Exercise details => The full listing, excluding its pictures, should be printed exactly as it stands.

Provided data =>
-=-=-=-=-

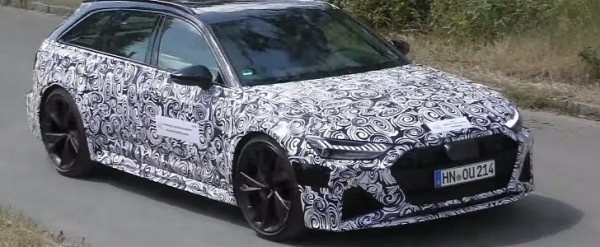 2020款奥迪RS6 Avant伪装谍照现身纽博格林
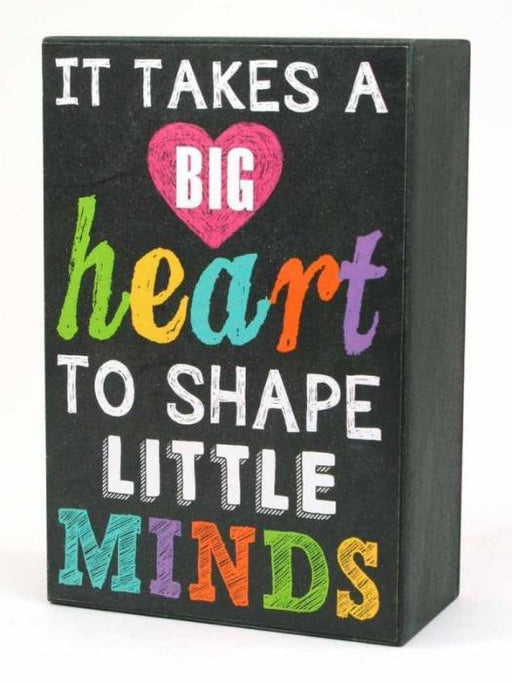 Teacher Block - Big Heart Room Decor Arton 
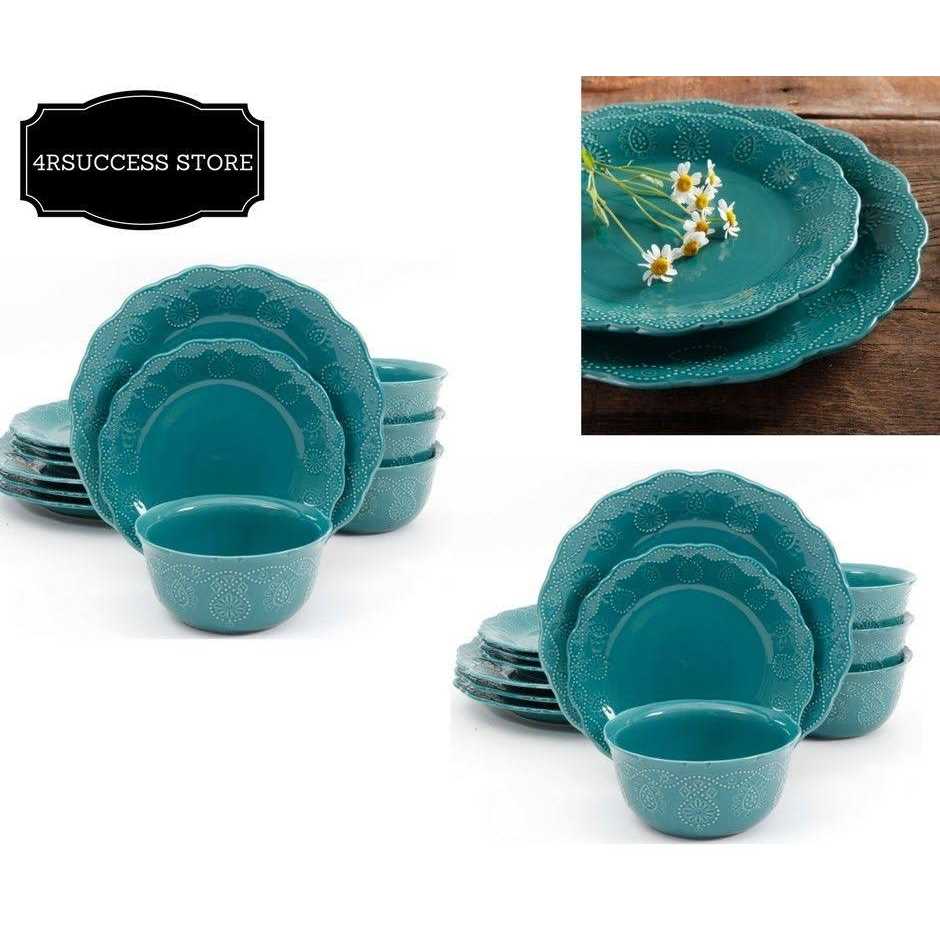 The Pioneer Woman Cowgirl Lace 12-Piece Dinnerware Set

-=-=-=-=-

Solution for this exercise =>
 2020款奥迪RS6 Avant伪装谍照现身纽博格林
 Teacher Block - Big Heart Room Decor Arton 
 The Pioneer Woman Cowgirl Lace 12-Piece Dinnerware Set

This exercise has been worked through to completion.